CRIME

Police ID suspect in sexual assault

Officials say attack happened while victim's baby was home

Katie Hall
khall@statesman.com
Austin police accuse Jacob Rodriguez of sexually assaulting a woman in North Austin earlier this month.

Austin police say a woman gave directions to stranger last week. She offered him a ride and chatted with him about job opportunities.

Later that day, the man forced his way into her North Austin apartment while pointing a gun at her and raped her while her 1-year-old child was home, investigators said.

Police on Monday identified 36-year-old Jacob Rodriguez as the suspect in the assault. He was in the Caldwell County Jail on unrelated charges, and Austin police said they were filing warrants for him on charges of aggravated robbery and aggravated sexual assault.

The attack happened the afternoon of April 15 in the 8800 block of the southbound Interstate 35 service road, just south of Rundberg Lane, police said.

Authorities said the woman first came into contact with Rodriguez earlier that day, when she met him and another woman at her apartment complex. The pair said they needed directions to a local store, and the woman told them how to get there. Rodriguez later knocked on her door, asking for a ride to the store to buy snacks, police said. She drove him to a local gas station, he bought something, and they headed back to the apartment complex.

Twenty minutes after she dropped him off, he knocked on her door again, asking to use her cellphone.

"She went to the bathroom to retrieve her cellphone," Austin police Detective Robert Krummel said. "When she turned around, the suspect had entered her residence, pointed a gun at her, and forced his way in."

He told her that if she didn't do what he said, he would kill her child, Krummel said.

An apartment employee later knocked on the door to answer a maintenance request. Rodriguez answered the door, and the employee began working, police said.
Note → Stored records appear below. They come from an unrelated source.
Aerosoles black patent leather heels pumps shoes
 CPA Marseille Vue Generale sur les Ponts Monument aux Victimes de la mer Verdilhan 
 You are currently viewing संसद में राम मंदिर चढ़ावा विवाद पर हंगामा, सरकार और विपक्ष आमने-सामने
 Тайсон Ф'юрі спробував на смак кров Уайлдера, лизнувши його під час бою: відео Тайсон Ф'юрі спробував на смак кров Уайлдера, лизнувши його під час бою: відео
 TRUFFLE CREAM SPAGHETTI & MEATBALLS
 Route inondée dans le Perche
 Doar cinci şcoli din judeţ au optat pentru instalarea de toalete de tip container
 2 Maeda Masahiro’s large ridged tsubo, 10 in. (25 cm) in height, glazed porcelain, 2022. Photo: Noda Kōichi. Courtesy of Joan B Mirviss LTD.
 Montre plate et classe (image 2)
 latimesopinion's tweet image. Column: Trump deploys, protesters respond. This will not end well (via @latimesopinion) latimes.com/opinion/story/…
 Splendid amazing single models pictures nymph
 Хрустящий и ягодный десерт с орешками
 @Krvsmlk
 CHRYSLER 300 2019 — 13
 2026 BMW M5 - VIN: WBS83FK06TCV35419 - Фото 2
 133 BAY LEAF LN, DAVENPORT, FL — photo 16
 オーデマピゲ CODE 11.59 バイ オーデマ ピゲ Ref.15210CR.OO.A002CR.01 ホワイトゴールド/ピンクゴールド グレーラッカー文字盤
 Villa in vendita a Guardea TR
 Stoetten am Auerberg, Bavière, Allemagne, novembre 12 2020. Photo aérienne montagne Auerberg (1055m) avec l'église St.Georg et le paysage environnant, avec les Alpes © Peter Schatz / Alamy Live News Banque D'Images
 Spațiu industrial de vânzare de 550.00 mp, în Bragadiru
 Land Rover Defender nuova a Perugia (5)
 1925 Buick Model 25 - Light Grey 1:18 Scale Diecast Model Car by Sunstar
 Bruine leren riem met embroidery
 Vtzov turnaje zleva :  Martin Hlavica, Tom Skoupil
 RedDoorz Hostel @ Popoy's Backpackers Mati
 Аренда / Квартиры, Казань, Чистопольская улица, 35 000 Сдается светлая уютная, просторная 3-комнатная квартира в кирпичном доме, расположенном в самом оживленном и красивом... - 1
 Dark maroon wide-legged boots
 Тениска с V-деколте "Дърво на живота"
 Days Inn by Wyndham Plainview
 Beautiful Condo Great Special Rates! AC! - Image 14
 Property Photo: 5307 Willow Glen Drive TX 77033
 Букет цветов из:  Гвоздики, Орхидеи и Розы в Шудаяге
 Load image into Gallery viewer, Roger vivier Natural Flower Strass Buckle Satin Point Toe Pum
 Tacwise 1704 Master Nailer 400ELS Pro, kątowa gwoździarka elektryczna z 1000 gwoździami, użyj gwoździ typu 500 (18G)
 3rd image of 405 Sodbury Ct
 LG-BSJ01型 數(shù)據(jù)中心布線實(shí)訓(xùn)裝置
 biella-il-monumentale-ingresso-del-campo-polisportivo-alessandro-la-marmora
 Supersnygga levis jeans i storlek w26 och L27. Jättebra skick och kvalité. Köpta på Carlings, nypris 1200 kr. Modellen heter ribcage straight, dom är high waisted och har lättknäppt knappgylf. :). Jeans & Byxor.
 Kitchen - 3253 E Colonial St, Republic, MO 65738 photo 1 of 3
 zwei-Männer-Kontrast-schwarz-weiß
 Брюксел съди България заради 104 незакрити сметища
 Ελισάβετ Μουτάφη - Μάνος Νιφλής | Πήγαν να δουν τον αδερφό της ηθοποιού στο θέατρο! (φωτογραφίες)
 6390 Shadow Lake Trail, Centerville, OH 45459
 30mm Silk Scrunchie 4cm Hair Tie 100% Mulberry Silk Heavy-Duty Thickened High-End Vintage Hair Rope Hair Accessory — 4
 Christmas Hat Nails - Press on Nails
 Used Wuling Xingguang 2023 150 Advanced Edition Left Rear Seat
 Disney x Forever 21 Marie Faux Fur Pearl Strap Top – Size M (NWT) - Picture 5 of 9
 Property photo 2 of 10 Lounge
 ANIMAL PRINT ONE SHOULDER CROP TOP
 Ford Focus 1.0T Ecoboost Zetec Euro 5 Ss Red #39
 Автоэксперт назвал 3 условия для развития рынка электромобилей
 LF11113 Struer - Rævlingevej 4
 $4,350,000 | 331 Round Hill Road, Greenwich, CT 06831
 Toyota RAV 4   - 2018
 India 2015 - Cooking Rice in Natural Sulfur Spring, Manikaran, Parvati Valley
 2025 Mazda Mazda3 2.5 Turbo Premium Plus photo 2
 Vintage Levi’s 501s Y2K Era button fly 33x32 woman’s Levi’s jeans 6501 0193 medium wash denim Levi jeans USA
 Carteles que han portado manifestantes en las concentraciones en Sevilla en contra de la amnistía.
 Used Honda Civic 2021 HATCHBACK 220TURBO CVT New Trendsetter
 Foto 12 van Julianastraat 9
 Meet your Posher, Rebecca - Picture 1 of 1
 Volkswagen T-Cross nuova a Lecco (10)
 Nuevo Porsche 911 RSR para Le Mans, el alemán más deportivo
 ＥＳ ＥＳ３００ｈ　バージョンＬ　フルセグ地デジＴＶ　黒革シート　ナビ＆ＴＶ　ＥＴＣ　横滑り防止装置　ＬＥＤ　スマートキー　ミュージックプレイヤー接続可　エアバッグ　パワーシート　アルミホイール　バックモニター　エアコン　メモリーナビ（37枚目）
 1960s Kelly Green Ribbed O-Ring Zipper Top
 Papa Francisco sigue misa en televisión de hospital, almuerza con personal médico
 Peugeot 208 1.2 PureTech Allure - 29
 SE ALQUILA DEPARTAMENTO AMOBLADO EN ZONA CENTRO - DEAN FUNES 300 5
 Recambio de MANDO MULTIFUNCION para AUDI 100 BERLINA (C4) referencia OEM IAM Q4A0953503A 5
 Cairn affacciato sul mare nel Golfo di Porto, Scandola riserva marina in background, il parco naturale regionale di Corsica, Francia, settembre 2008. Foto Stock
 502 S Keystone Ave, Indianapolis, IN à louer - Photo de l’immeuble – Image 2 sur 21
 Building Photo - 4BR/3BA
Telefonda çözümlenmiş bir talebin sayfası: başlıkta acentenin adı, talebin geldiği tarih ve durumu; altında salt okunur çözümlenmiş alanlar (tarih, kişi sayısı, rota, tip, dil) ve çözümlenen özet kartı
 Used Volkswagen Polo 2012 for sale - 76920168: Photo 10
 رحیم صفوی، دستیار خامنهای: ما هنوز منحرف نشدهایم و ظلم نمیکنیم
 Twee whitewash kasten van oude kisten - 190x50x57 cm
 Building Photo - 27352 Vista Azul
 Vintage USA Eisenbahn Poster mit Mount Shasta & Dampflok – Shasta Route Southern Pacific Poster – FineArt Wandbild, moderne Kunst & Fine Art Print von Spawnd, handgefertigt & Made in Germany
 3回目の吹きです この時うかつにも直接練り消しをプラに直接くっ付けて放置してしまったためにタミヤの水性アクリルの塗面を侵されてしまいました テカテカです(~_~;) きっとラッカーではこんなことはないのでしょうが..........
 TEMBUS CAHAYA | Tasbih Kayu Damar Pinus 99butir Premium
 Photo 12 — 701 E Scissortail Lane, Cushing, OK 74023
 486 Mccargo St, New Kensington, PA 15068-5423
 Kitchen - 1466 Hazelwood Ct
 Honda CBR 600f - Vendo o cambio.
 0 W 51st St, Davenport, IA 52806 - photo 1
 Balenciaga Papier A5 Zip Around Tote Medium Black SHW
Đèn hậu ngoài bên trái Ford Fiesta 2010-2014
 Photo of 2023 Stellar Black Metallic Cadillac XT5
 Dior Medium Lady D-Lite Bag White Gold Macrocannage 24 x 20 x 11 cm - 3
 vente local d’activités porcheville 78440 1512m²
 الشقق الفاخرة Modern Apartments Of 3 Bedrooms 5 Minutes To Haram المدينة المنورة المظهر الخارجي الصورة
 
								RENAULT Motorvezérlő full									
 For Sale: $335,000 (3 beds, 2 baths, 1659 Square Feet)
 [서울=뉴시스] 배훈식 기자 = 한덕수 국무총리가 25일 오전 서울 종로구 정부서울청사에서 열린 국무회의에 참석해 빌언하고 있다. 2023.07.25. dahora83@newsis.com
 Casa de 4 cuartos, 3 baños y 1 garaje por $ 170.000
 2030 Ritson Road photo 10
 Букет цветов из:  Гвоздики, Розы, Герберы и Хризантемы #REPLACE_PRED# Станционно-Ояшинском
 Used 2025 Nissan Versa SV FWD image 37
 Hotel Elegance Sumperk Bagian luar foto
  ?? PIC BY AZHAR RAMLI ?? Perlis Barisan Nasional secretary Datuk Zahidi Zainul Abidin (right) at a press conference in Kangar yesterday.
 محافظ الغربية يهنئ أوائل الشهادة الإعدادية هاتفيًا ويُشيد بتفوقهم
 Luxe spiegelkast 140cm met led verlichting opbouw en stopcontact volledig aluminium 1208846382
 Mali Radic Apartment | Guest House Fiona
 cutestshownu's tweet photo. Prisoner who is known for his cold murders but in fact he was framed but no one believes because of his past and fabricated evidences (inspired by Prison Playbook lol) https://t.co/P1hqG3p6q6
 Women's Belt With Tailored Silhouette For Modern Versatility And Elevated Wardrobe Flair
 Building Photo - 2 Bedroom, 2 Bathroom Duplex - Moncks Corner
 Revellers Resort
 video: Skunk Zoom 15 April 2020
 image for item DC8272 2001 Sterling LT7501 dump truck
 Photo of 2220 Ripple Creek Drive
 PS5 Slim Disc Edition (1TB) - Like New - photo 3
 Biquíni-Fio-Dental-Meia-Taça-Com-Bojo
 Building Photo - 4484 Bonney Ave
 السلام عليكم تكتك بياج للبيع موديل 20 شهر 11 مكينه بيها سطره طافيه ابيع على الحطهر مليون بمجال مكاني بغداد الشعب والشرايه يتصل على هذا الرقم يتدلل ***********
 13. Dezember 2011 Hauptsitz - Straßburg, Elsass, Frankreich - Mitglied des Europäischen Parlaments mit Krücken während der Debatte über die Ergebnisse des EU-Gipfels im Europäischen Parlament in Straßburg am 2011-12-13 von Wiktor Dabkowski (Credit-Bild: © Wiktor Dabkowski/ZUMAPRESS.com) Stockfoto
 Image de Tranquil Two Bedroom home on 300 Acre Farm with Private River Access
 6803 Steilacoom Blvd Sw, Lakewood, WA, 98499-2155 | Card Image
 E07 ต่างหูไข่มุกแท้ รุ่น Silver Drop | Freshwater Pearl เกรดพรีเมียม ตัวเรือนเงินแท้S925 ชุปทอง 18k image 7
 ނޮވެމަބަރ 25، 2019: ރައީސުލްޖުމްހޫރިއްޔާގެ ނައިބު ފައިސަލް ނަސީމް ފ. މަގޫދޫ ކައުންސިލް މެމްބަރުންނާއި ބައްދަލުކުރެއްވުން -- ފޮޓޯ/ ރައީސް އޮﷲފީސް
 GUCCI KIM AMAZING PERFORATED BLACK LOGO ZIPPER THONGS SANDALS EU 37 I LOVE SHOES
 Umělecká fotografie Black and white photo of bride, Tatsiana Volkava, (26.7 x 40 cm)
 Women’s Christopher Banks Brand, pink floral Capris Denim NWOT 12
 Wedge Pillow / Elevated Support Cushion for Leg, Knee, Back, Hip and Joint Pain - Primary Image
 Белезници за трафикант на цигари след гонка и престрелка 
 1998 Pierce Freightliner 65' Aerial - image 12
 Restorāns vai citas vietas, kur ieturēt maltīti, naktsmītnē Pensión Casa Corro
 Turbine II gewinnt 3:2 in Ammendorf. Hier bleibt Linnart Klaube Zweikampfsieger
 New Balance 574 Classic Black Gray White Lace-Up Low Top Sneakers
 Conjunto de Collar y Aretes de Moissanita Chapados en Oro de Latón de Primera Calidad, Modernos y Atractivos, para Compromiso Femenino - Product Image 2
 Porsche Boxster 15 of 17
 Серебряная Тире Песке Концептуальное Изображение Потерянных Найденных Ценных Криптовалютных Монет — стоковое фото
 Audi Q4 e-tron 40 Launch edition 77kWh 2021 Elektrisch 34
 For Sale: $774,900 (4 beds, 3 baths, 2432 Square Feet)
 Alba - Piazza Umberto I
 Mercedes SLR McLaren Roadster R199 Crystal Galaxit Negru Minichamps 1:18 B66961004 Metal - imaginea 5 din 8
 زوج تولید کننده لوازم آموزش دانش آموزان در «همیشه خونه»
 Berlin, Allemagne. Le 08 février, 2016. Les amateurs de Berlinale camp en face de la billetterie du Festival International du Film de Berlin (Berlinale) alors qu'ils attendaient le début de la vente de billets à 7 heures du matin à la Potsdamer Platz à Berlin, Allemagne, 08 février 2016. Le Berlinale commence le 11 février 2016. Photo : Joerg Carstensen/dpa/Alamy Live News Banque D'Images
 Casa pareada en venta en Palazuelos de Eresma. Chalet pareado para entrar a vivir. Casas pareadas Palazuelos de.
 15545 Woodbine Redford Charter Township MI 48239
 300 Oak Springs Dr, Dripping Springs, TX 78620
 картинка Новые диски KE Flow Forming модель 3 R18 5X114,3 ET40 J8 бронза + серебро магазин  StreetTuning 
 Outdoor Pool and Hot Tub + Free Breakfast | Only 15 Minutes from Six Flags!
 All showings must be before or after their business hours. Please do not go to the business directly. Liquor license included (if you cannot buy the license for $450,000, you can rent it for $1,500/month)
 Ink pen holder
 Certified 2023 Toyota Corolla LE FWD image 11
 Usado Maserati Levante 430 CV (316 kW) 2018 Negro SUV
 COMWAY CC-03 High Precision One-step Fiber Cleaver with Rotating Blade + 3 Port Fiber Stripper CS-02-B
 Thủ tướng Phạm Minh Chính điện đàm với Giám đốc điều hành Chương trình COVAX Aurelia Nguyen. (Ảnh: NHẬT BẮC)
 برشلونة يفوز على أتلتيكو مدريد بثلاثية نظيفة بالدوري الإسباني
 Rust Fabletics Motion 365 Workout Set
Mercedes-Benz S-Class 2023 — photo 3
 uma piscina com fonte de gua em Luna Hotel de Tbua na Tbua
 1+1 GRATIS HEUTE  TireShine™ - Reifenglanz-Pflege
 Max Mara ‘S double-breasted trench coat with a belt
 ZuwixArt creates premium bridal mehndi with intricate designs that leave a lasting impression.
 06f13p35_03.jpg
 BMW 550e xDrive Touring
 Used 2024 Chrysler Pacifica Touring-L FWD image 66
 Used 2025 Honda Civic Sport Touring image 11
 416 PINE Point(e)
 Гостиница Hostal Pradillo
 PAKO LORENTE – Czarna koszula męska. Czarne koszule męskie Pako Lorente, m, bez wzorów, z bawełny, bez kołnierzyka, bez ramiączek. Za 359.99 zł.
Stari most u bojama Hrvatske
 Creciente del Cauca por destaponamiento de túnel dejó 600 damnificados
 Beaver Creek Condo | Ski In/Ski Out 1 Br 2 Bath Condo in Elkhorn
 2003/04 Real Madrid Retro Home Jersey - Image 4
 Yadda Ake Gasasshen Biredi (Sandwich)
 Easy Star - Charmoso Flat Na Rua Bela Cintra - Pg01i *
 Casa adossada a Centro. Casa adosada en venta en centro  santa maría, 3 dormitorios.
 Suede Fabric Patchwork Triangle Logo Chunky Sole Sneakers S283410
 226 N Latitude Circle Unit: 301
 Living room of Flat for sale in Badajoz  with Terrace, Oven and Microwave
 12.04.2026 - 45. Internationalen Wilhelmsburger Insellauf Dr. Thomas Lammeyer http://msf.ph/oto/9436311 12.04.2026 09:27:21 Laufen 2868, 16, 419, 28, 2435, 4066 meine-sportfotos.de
When the employee left, the woman and her child left with him.

Rodriguez stayed behind, stole her purse and left, police said.

Police were able to track Rodriguez down because he had put a number into her phone when they'd discussed employment opportunities earlier at the store, police said. Police got in touch with Rodriguez's sister through this number.

The victim identified Rodriguez in a photo lineup, police said.

During a news conference Monday, Krummel thanked the victim for coming forward. She is extremely shaken up after this, he said, and "rightfully so. It's a very horrific crime."

"But she is very relieved that we were able to get him off the streets," Krummel said.